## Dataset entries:

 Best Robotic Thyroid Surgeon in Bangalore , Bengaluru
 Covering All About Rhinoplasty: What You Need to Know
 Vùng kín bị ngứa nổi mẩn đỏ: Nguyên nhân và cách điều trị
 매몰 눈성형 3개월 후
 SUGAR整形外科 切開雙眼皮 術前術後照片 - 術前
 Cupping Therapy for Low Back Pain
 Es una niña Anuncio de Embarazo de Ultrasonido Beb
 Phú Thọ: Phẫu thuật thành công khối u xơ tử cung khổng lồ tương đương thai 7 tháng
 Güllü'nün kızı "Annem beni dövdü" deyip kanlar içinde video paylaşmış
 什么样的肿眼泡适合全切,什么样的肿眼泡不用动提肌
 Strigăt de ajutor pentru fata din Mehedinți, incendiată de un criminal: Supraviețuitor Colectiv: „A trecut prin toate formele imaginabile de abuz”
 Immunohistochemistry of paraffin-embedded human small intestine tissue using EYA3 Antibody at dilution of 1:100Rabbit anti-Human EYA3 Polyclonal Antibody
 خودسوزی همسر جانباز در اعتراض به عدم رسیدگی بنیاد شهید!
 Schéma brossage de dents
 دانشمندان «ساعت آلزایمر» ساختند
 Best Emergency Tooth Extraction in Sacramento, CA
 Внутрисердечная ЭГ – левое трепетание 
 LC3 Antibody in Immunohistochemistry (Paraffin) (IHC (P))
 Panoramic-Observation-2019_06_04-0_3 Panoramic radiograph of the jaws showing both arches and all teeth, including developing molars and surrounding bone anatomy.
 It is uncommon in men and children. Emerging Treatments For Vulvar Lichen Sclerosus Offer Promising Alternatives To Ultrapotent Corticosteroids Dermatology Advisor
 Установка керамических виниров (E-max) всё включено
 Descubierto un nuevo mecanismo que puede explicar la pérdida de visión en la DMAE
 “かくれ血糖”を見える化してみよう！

## What this task involves:
Write out the line containing "Best Emergency Tooth" and every line after it through the end of the entries. Keep each one exactly as it is, and add nothing.

## Solution for this problem:
 Best Emergency Tooth Extraction in Sacramento, CA
 Внутрисердечная ЭГ – левое трепетание 
 LC3 Antibody in Immunohistochemistry (Paraffin) (IHC (P))
 Panoramic-Observation-2019_06_04-0_3 Panoramic radiograph of the jaws showing both arches and all teeth, including developing molars and surrounding bone anatomy.
 It is uncommon in men and children. Emerging Treatments For Vulvar Lichen Sclerosus Offer Promising Alternatives To Ultrapotent Corticosteroids Dermatology Advisor
 Установка керамических виниров (E-max) всё включено
 Descubierto un nuevo mecanismo que puede explicar la pérdida de visión en la DMAE
 “かくれ血糖”を見える化してみよう！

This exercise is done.